■ Exercise description:
Of all the lines in the entries below, give again exactly those starting at the line containing "iFi Audio Hip Case 3 - Image 6" and ending at the line containing "T2 bis villeurbanne", both ends included, and no others.

■ The data:
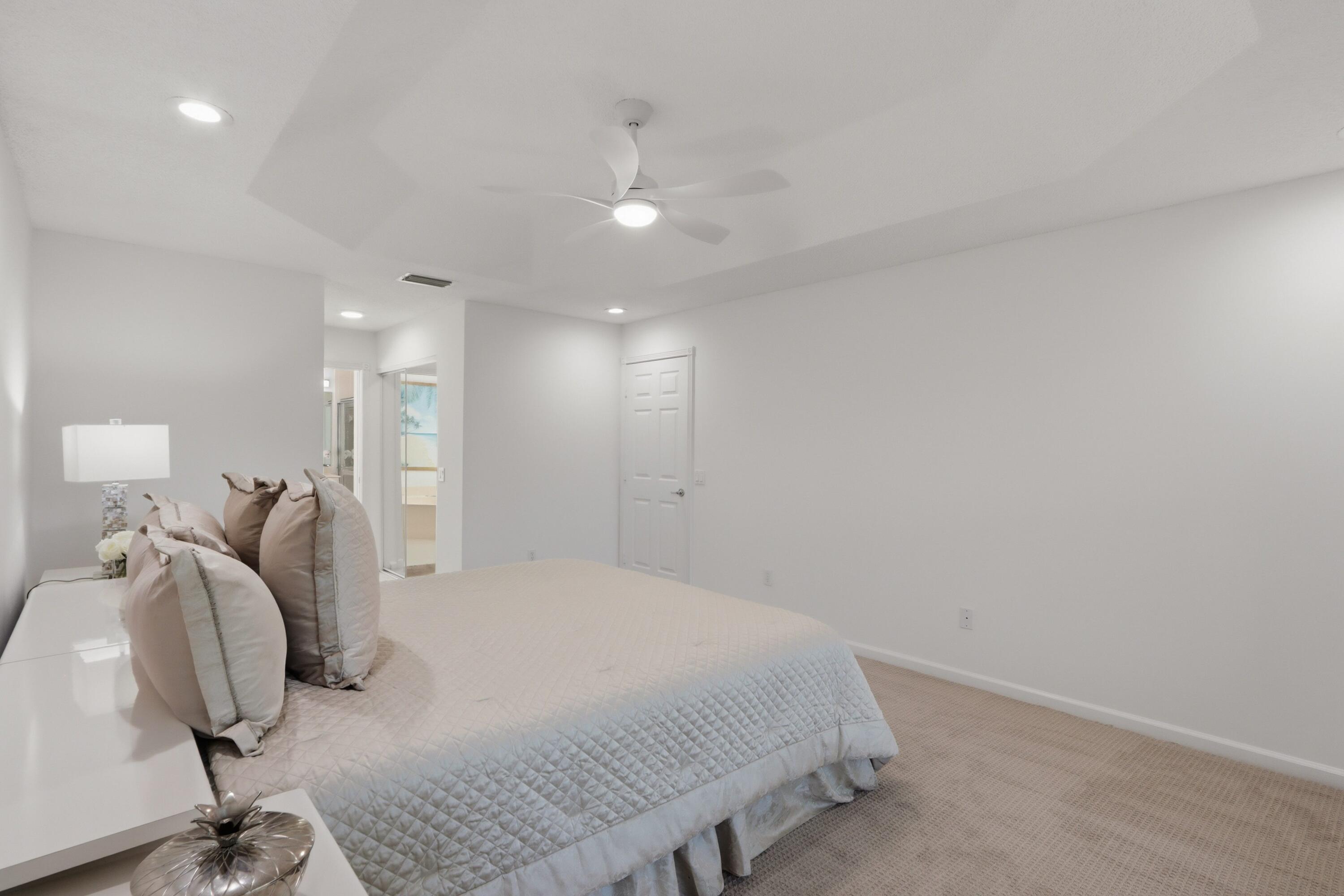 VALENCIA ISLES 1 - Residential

---

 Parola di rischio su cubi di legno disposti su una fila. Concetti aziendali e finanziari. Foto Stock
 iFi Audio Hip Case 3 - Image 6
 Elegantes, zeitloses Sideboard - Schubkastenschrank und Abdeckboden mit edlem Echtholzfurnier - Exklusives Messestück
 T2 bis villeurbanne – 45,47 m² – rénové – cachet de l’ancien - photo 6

■ Answer to this exercise:
 iFi Audio Hip Case 3 - Image 6
 Elegantes, zeitloses Sideboard - Schubkastenschrank und Abdeckboden mit edlem Echtholzfurnier - Exklusives Messestück
 T2 bis villeurbanne – 45,47 m² – rénové – cachet de l’ancien - photo 6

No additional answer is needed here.